When you choose your export (mine is eXport), you get a device prompt since the new tag calls %IS.  (There is a note that gets sent to the screen reminding you to choose “NWS” options if you output to a flat file.)  Next you’re prompted for strings to search for.  Target strings will be searched for both in the global and in the data.  If either contains at least one of the target strings and the record has either a Set or Kill operator, it will be sent to the output file (or screen).  No other records will be output (no marks, no checkpoints, etc).

If you enter no strings at the “Next string” prompt (just an empty return) or if you hit “//” at any point in this prompt, the routine returns to the previous set of options.

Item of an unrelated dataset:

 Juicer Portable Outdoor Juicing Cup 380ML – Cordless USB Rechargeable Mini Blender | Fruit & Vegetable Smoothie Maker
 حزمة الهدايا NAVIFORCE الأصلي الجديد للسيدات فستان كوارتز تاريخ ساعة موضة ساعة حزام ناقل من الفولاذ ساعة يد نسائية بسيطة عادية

Whether output is to the screen or to a file, the output is the same when a target is found:

address <tab> process_id <tab> timestamp <tab> S/K <tab> global <tab> new_value

where:

                address:               the location in the log file where the record was found
                process_id:         the process id that caused the set or kill
                timestamp:         the $H-format date-time when the set or kill event occurred
                S/K:                        (S)et or (K)ill
                global:                   global location that was affected
                new_value:        if the operation was a Set, the new value that was inserted

Tab characters are reasonably unlikely in data (but the delimiter is easy to change) and easy to piece with.  If tab is problematic we can always change it to something else like, say, @vm ($c(253)) which ought to be pretty uncommon on non-MV Cache.  MV users will probably have to be a bit more creative.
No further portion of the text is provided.